Columbus Hotels, a Georgia-based LLC that owns and operates the La Quinta Inn on Highway 45, is suing representatives from the United States Small Business Administration, the Secretary of Treasury and the Department of Justice over Paycheck Protection Program Loan forgiveness.
The complaint, which only represents one side of a legal argument, was filed in the United States District Court for the Northern District of Mississippi on July 10.
Attorney Michael Hurst, who is representing Columbus Hotels LLC in the case, told The Dispatch Friday that his client owns 30 hotels across five states and is filing claims in nine federal district courts concerning this issue.
“Our client just wants a court to give it justice,” Hurst said. “We’re not asking for special favors. We’re not asking necessarily for money damages. We just want to be treated like everyone else who received PPP loans and be treated fairly.
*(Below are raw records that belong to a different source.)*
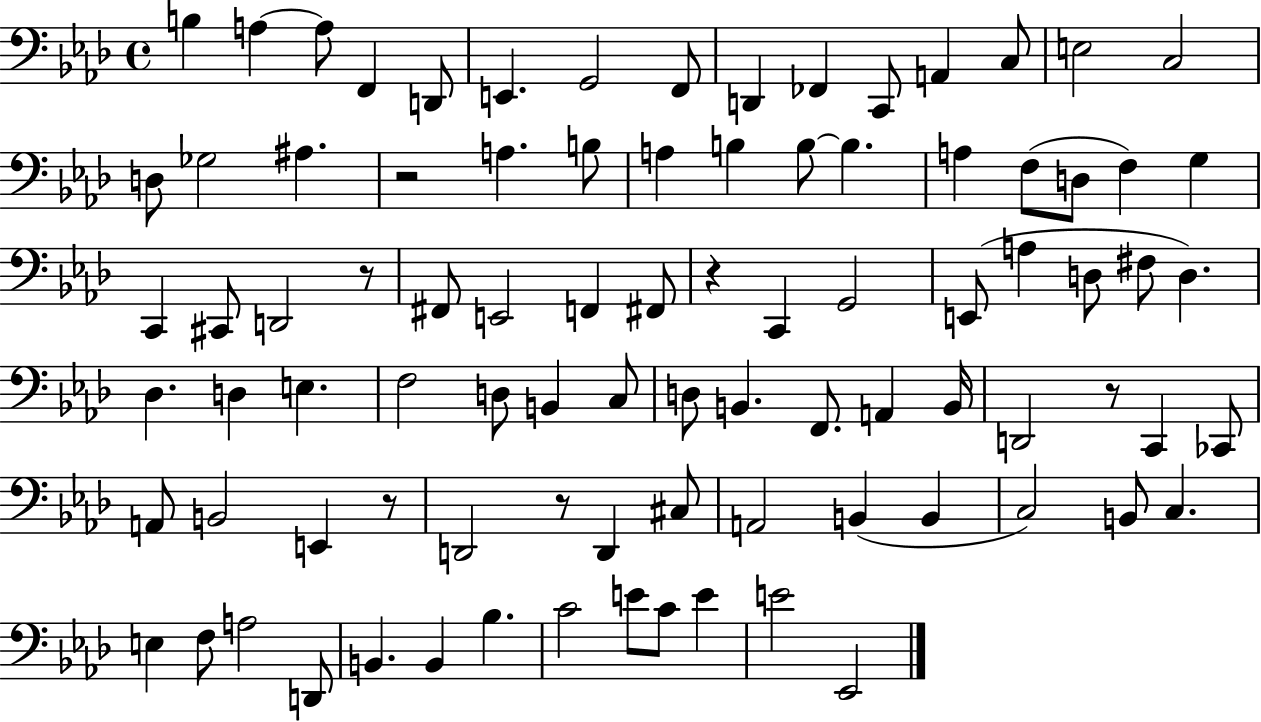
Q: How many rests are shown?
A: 6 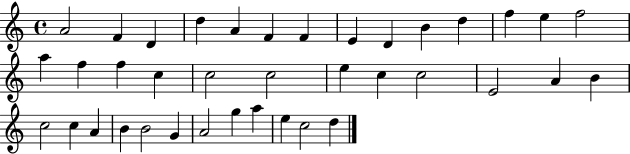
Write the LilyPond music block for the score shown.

{
  \clef treble
  \time 4/4
  \defaultTimeSignature
  \key c \major
  a'2 f'4 d'4 | d''4 a'4 f'4 f'4 | e'4 d'4 b'4 d''4 | f''4 e''4 f''2 | \break a''4 f''4 f''4 c''4 | c''2 c''2 | e''4 c''4 c''2 | e'2 a'4 b'4 | \break c''2 c''4 a'4 | b'4 b'2 g'4 | a'2 g''4 a''4 | e''4 c''2 d''4 | \break \bar "|."
}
I think that’s what it comes down to.”
In the case of the Columbus complaint, the LLC has waited three years for notification that its Second Draw Paycheck Protection Program Loan has been forgiven.
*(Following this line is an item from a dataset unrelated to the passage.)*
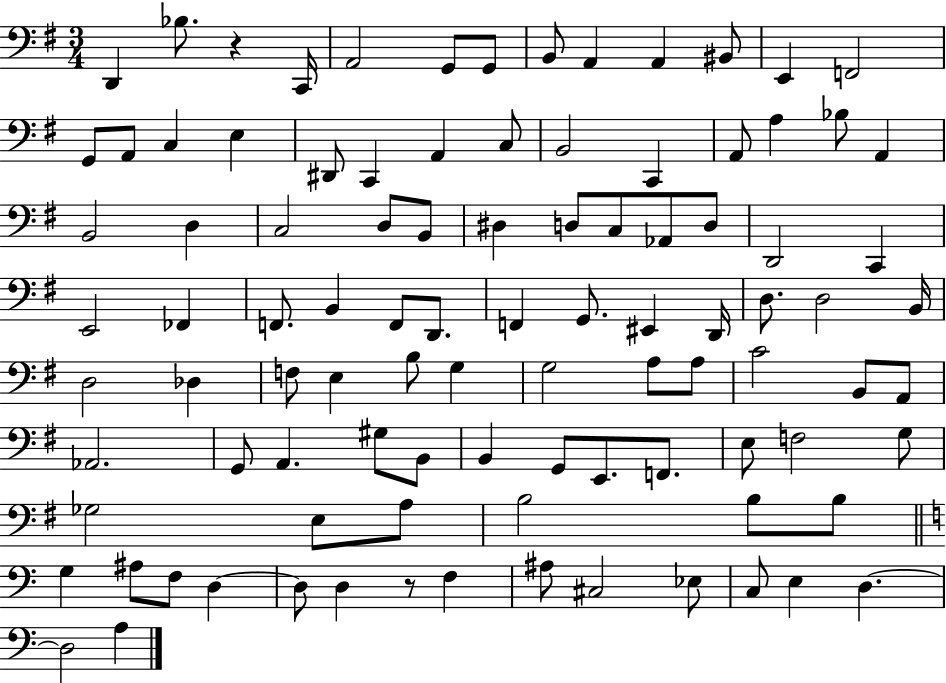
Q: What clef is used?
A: bass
According to the complaint, Columbus Hotels applied for its First Draw PPP Loan on or before April 3, 2020, through Citizens National Bank of Meridian as its lender. That loan, worth $68,119, was disbursed to Columbus Hotels on April 15 of that year, and by Dec. 8, Columbus Hotels received a notification that its first loan had been forgiven.
The SBA issued a rule placing a $20 million limitation on the amount of PPP loans businesses in a single corporate group can receive on April 30, 2020.
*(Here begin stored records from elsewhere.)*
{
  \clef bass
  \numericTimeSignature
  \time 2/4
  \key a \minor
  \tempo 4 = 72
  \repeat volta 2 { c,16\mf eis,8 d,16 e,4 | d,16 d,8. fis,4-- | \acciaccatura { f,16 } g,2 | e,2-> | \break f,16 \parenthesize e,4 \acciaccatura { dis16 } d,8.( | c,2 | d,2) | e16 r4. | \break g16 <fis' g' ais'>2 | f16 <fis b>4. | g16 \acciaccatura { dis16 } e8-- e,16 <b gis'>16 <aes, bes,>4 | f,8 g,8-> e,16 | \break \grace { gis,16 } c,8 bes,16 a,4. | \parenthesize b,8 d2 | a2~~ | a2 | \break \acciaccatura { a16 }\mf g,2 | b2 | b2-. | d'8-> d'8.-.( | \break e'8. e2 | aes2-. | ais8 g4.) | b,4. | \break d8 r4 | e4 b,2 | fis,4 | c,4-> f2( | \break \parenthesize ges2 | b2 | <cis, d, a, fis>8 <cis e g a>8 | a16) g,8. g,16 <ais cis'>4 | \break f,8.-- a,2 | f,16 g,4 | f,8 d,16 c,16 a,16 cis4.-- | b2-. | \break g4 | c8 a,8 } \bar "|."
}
In January 2021, Columbus Hotels applied for and received its Second Draw PPP Loan from the same lender, this time worth $95,366. In July, the LLC applied for forgiveness for the Second Draw PPP Loan. But on June 30, Columbus Hotels received a notification that the SBA would not forgive its Second Draw PPP Loan, as it had exceeded the corporate limit for forgiveness.
The company appealed this decision, and SBA “charged off” the loan to the Columbus Hotels’ lender. However, the company itself did not receive notice it had been forgiven for the loan, leaving it liable to repay the $95,366.
“That’s the frustration,” Hurst said. “We’ve gone through the process, we’ve appealed it with the SBA, and they have not made a decision. So our client is just hanging out there with this cloud hanging over their head, basically.”
By January 2022, Columbus Hotels received a Civil Investigative Demand from the Department of Justice requesting responses to interrogatories and production of documents related to its PPP loans and forgiveness. The LLC never received a final determination about the second loan’s forgiveness, presumably because of the investigation, according to the complaint.
In the complaint, Columbus Hotels requests the court declare its eligibility to apply for and receive the loan, that it behaved appropriately with its commingling of PPP loan funds in its existing accounts and that it did not falsely certify its loan forgiveness application.
The plaintiff also asks the court to enter an order compelling the Small Business Administration to immediately forgive the Second Draw PPP Loan or implement a full administrative review if the defendants intend to deny that forgiveness.